Он не переставал целовать меня даже после того, как я успокоилась. Меня будто бы выпотрошили и жестоко оставили умирать; с этими мыслями вернулись и стыд, и смущение. А поцелуи становились всё настойчивей и крепче. Я же наоборот — онемела, не в силах даже поднять рук. Когда муж сел на колени между моих разведённых в стороны ног и стал стягивать с себя брюки, я зажмурилась и отвернулась, так и не успев ничего разглядеть.

Его влажные, растрёпанные волосы коснулись моей щеки, когда он склонился надо мной, опираясь на руки, так что я почти не ощущала всей тяжести его тела. Но я задрожала от страха и неизвестности, потому что уже почувствовала, как его твёрдая плоть коснулась моего бедра. В ответ на мой отчаянный стон и попытку увернуться, Готье прижался губами к моему уху и горячо прошептал:

— Тише, тише, и не двигайся, ma belle fille…
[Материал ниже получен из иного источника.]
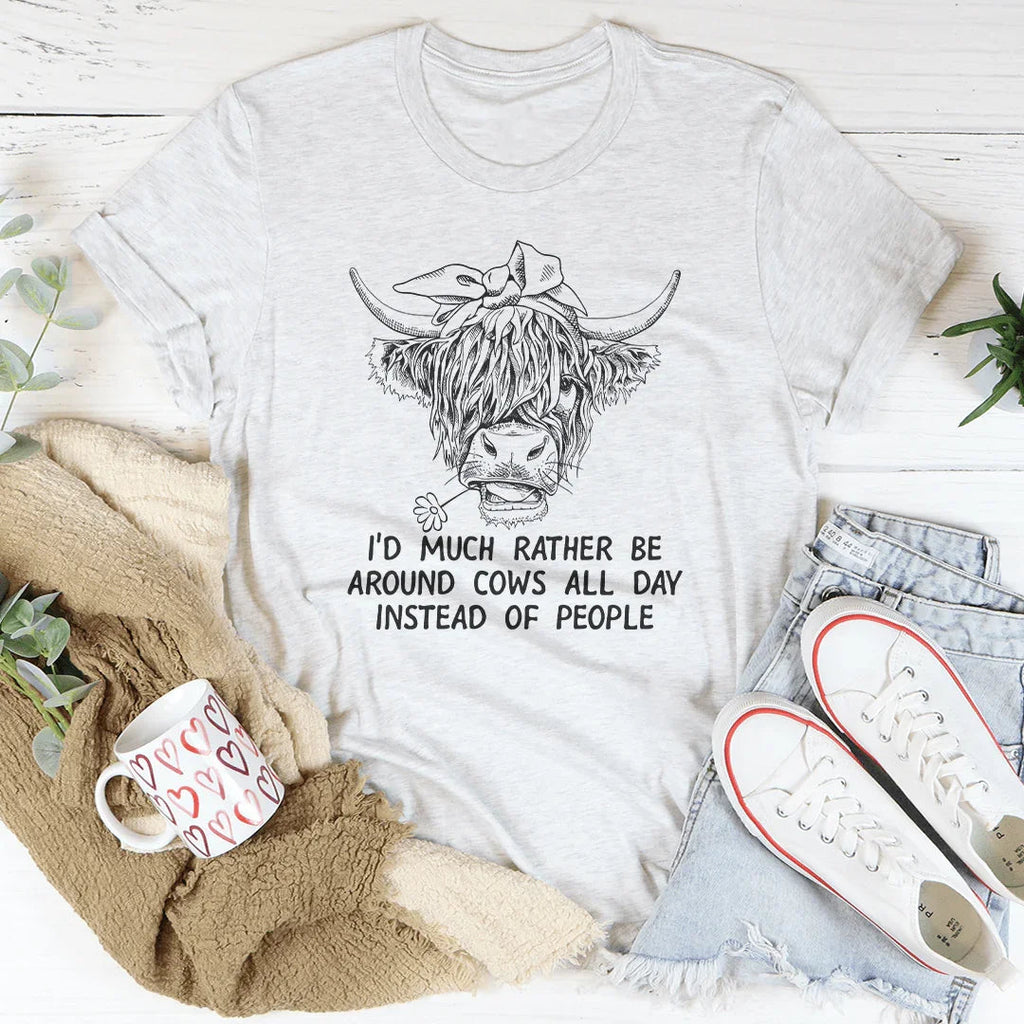 I'd Much Rather Be Around Cows All Day Instead Of People Tee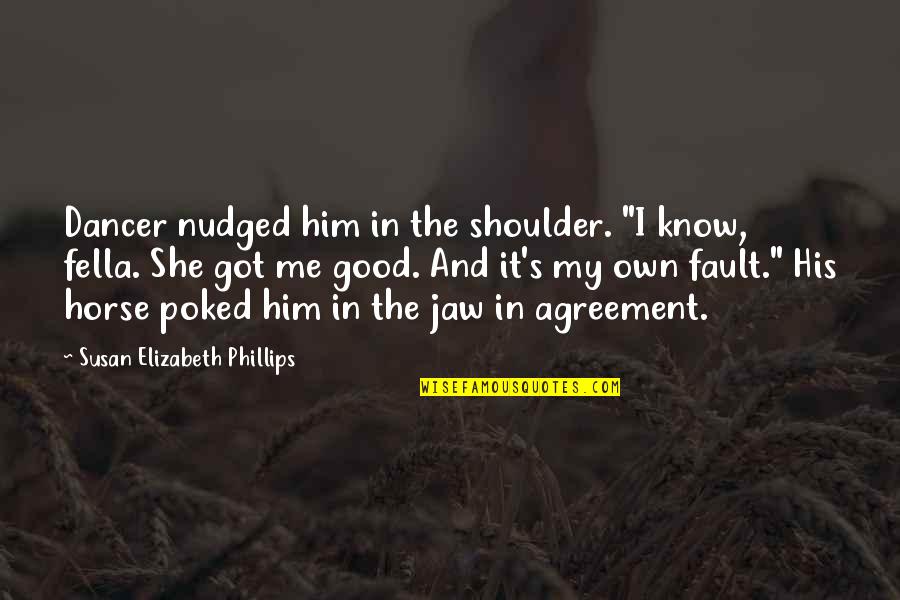 Cow Horse Quotes By Susan Elizabeth Phillips: Dancer nudged him in the shoulder. "I know,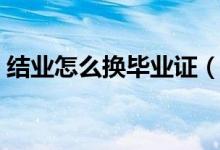 結(jié)業(yè)怎么換畢業(yè)證（結(jié)業(yè)證書如何換畢業(yè)證）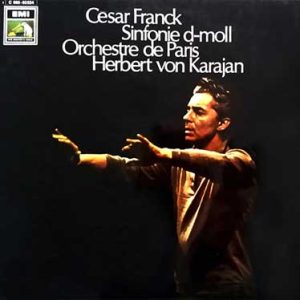 César Franck - Herbert von Karajan, Orchestre De Paris – Sinfonie D-moll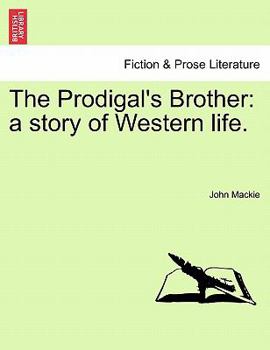 Paperback The Prodigal's Brother: A Story of Western Life. Book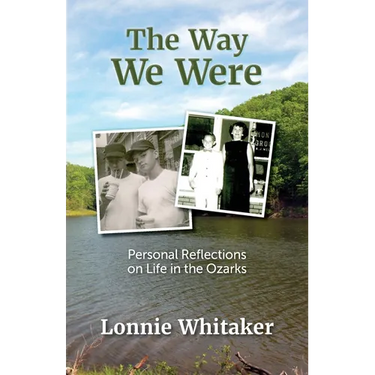 The Way We Were: Personal Reflections on Life in the Ozarks
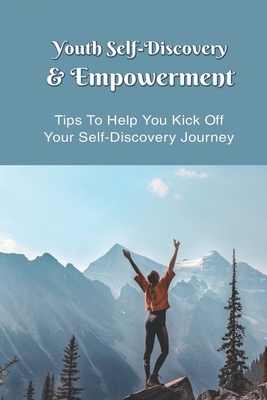 Youth Self-Discovery & Empowerment: Tips To Help You Kick Off Your Self-Discovery Journey: Self-Love Guide Book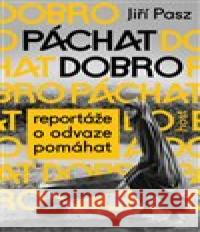 Páchat dobro Jiří Pasz 9788027520220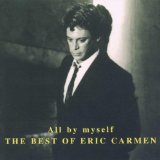 Download Eric Carmen All By Myself sheet music and printable PDF music notes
Страшно было осознание того, что моё тело так мягко принимало его; это были странные ощущения слияния с его плотью, большой и твёрдой, и совершенно отличались от того, что подарили мне его пальцы всего несколько минут назад. Готье не спешил, двигался плавно и медленно; я лежала тихо и слушала его глухие стоны напротив своего лица. И когда резкая, колючая боль сковала мои бёдра, я прикусила губу, чтобы не закричать; в тот же момент мой муж издал совершенно неприличный стон, резко дёрнулся и моментально затих.

Прошло совсем немного времени, когда я, наконец, открыла глаза; оказалось, что я инстинктивно сжала плечи мужа и даже расцарапала кожу на его спине; Готье тяжело дышал, лежа на мне, почти не двигался и бездумно гладил рукой моё колено.